Courtesy of EarthSky
A Clear Voice for Science
Sylvia, it is easier to see a daytime moon when the moon is fairly far from the sun in the sky. When would that be? It would be around the time of full moon each month. A full moon is always 180 degrees from the sun, on the opposite side of the sky’s dome. Full moon was September 23.
Generally, the full moon sets around sunrise. However, the waning gibbous moon sets in the west after sunrise. In the next few mornings, after sunrise, look for the waning gibbous moon to sail over your western horizon during the morning hours. At mid-northern latitudes in North America, the moon will set at roughly 10:00 a.m. tomorrow, 11:00 a.m. on Monday and noon Tuesday.
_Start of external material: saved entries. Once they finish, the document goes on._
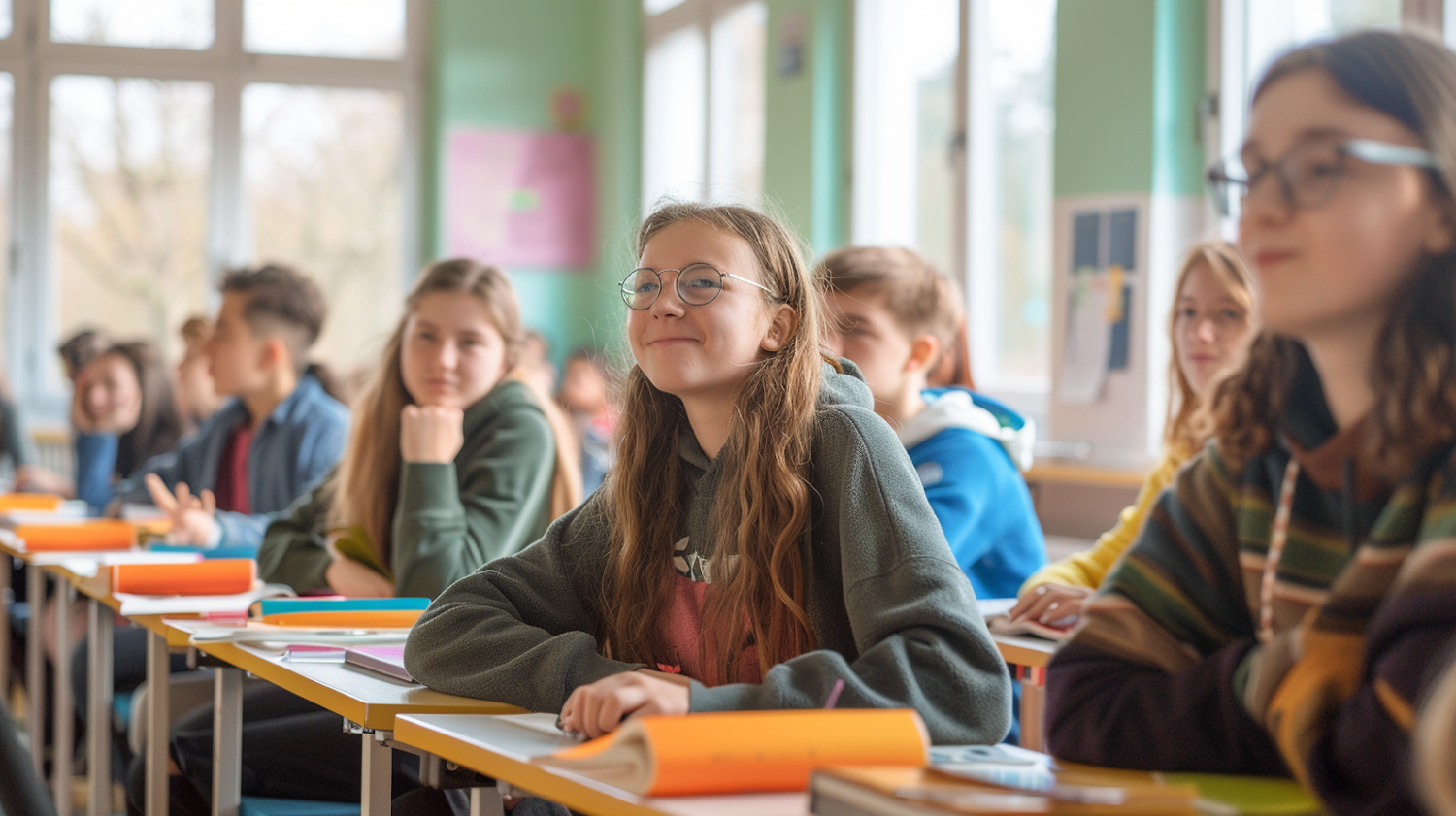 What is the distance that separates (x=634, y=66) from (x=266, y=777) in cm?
554

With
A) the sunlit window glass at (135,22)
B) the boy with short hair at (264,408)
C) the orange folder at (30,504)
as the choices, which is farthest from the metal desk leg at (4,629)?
the sunlit window glass at (135,22)

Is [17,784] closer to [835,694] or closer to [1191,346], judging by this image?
[835,694]

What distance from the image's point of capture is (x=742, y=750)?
1009 mm

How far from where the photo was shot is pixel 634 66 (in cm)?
709

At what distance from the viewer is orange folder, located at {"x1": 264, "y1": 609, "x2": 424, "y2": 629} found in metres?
1.87

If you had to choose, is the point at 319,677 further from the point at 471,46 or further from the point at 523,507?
the point at 471,46

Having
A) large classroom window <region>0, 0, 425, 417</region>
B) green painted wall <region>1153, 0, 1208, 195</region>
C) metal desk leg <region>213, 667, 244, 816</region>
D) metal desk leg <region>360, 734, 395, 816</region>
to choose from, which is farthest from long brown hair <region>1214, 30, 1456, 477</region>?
large classroom window <region>0, 0, 425, 417</region>

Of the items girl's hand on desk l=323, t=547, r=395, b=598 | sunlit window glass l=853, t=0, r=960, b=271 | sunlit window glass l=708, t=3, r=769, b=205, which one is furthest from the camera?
A: sunlit window glass l=708, t=3, r=769, b=205

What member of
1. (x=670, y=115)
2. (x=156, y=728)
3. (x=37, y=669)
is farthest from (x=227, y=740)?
(x=670, y=115)

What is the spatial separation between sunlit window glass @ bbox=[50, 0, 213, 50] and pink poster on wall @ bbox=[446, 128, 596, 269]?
1.33 meters

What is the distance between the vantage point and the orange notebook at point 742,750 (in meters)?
0.99

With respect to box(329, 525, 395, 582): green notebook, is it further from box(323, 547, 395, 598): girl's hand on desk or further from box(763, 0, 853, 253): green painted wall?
box(763, 0, 853, 253): green painted wall

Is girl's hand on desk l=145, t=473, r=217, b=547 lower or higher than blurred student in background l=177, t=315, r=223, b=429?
lower

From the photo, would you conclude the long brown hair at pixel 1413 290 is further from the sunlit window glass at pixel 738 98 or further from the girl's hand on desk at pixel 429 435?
the sunlit window glass at pixel 738 98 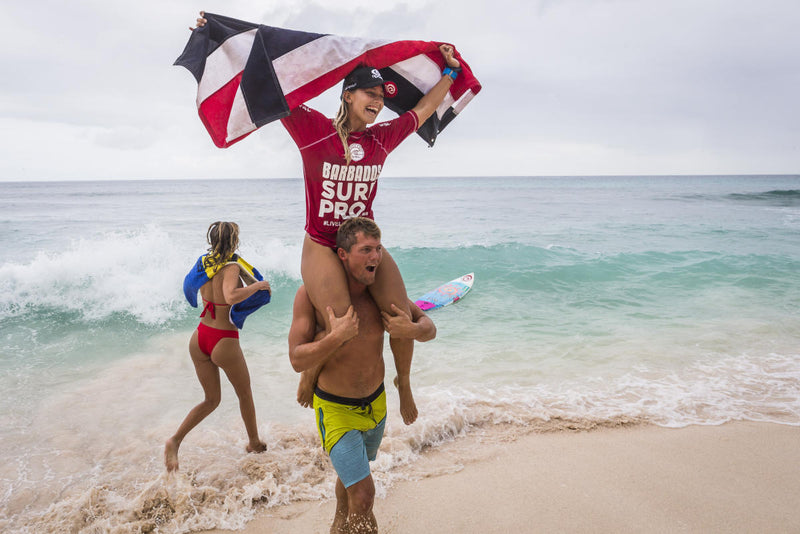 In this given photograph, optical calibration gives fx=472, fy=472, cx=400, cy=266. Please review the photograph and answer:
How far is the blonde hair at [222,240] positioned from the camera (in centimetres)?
426

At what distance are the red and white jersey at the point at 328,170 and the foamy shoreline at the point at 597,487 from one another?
2361mm

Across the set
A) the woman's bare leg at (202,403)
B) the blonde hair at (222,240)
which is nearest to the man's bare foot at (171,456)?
the woman's bare leg at (202,403)

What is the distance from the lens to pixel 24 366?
7.01 meters

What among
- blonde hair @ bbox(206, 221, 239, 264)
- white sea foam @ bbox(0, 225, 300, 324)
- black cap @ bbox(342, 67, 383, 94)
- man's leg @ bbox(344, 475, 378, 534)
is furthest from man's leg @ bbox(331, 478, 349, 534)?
white sea foam @ bbox(0, 225, 300, 324)

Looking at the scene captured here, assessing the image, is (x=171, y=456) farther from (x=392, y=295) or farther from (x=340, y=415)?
(x=392, y=295)

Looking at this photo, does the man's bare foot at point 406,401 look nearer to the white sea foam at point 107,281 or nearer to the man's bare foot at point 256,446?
the man's bare foot at point 256,446

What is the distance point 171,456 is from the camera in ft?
14.3

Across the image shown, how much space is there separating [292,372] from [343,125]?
480 centimetres

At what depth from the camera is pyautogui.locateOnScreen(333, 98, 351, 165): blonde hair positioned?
291 centimetres

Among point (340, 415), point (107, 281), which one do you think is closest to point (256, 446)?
point (340, 415)

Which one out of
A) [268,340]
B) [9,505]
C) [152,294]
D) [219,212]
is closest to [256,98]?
[9,505]

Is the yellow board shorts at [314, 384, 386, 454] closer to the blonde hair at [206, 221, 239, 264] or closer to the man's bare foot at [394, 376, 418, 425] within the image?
the man's bare foot at [394, 376, 418, 425]

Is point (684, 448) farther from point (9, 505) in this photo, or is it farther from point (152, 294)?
point (152, 294)

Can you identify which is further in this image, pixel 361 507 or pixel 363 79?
pixel 363 79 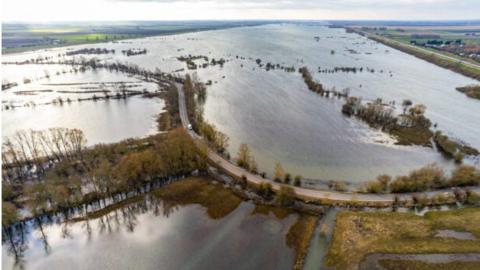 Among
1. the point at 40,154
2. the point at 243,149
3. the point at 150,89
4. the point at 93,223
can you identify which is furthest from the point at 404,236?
the point at 150,89

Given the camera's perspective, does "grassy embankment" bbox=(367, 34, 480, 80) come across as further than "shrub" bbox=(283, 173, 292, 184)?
Yes

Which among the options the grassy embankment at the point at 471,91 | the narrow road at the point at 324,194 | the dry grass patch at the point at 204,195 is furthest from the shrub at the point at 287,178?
the grassy embankment at the point at 471,91

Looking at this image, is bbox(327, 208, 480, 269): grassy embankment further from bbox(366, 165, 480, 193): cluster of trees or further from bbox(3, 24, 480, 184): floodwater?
bbox(3, 24, 480, 184): floodwater

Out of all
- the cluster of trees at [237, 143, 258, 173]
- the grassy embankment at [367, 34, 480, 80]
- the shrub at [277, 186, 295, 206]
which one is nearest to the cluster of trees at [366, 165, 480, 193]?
the shrub at [277, 186, 295, 206]

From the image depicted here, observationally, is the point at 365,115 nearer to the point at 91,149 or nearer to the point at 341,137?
the point at 341,137

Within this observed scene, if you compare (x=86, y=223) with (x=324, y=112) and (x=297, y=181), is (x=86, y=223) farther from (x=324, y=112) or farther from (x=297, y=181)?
(x=324, y=112)

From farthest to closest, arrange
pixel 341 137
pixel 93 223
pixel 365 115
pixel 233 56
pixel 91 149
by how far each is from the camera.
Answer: pixel 233 56 < pixel 365 115 < pixel 341 137 < pixel 91 149 < pixel 93 223

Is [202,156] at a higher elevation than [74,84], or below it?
below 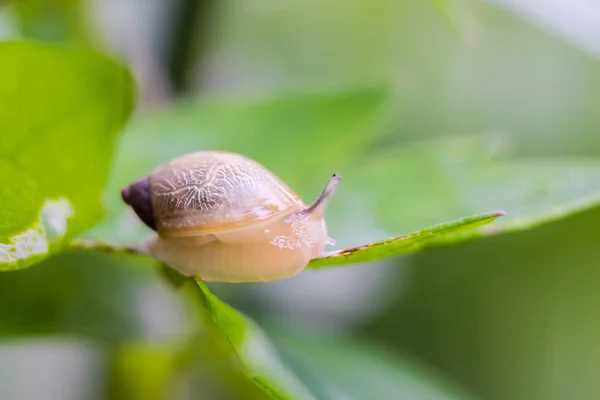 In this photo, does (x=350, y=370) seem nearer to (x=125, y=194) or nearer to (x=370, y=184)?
(x=370, y=184)

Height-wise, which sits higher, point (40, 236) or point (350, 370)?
point (40, 236)

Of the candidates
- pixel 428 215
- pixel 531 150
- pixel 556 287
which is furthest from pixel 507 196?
pixel 531 150

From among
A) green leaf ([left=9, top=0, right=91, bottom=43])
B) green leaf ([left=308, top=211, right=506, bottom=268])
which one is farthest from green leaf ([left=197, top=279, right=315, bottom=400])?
green leaf ([left=9, top=0, right=91, bottom=43])

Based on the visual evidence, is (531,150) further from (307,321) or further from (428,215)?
(428,215)

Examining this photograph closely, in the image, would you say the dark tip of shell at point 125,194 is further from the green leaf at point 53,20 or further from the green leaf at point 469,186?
the green leaf at point 53,20

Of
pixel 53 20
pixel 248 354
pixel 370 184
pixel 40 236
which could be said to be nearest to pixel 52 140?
pixel 40 236

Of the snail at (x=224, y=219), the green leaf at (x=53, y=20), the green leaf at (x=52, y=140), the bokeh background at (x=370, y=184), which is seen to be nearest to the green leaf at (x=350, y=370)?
the bokeh background at (x=370, y=184) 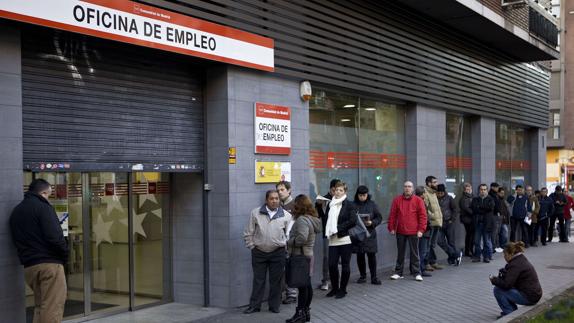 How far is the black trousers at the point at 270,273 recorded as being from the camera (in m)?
Answer: 8.53

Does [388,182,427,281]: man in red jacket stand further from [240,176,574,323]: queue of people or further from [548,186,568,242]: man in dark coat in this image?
[548,186,568,242]: man in dark coat

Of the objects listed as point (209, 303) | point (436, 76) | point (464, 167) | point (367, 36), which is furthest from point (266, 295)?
point (464, 167)

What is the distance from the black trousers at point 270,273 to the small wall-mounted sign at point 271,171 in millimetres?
1287

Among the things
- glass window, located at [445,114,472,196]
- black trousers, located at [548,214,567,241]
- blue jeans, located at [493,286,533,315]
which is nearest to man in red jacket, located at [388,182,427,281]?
blue jeans, located at [493,286,533,315]

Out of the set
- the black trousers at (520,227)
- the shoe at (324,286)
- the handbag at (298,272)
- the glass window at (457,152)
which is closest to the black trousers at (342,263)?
the shoe at (324,286)

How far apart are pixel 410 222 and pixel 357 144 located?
2139mm

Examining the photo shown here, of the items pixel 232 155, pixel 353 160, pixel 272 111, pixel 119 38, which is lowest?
pixel 353 160

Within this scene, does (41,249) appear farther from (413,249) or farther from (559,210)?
(559,210)

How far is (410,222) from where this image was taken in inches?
444

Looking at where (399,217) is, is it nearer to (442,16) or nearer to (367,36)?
(367,36)

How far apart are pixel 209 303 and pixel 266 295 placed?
2.95 ft

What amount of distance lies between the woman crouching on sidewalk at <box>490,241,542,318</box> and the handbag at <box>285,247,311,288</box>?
8.05 ft

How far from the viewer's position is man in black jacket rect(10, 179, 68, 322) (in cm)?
616

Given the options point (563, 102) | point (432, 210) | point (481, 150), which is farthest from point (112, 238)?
point (563, 102) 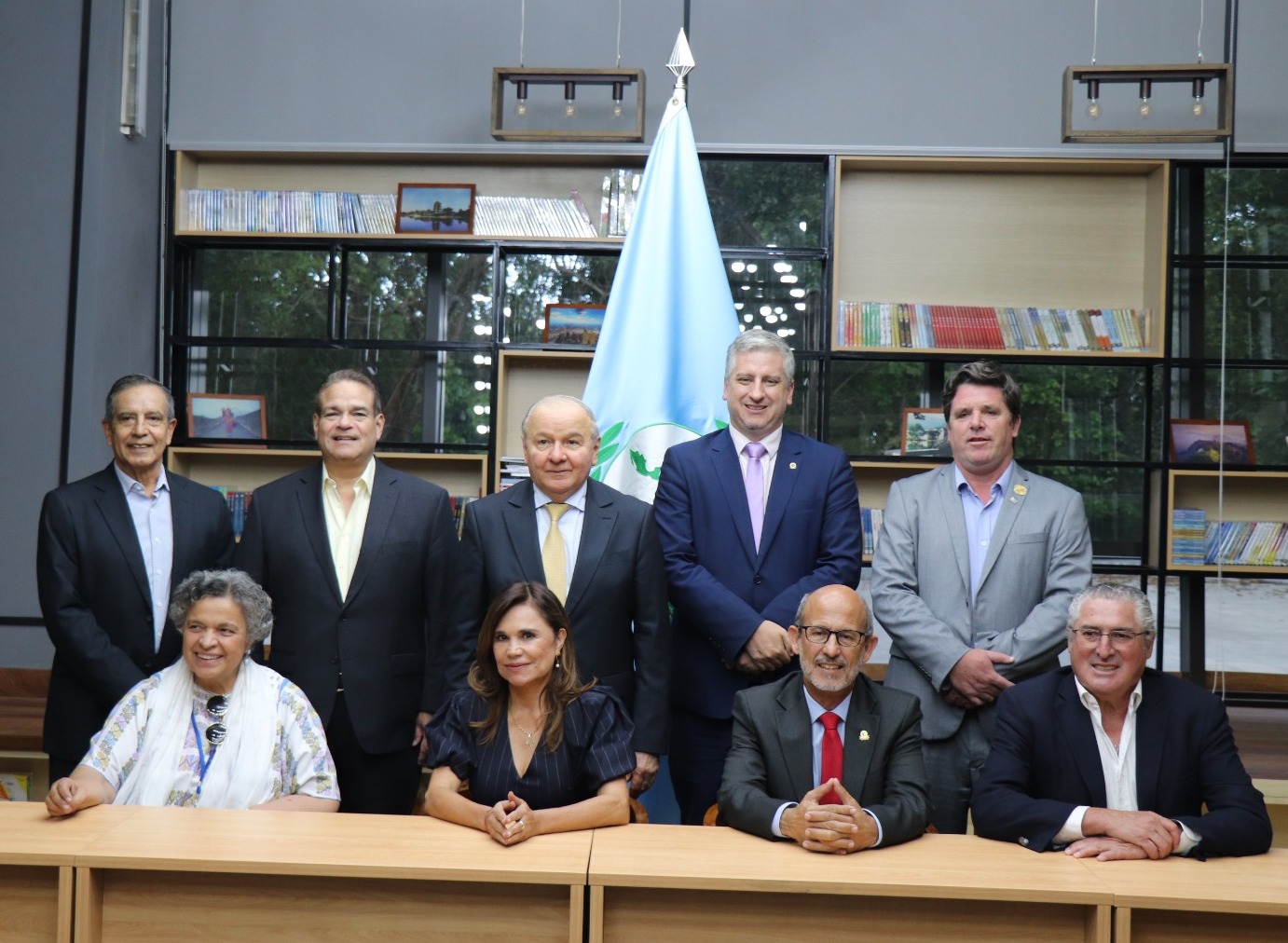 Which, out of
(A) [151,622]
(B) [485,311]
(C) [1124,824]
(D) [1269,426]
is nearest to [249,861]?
(A) [151,622]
The precise time for moonset in your sky can be found in an astronomical almanac.
By the way, the moon is up during the day half the time. It has to be, since it orbits around the whole Earth once a month. Sometimes the daytime moon is hard to see because it is so near the sun in the sky. Also, consider that if the sun is low in the sky, a slim crescent daytime moon might be straight overhead, so that you would have to crane your neck, looking up, to notice it.
Ordinarily, we do not look up during the day to see such a thin crescent moon. However, as the moon gets farther from the sun in our sky, the portion of its lighted half turned in our direction increases. In other words, the farther the moon is from the sun, the larger the visible phase of the moon … and the easier to see a daytime moon. In this the last week of September 2010, look for the daytime moon in the west after sunrise!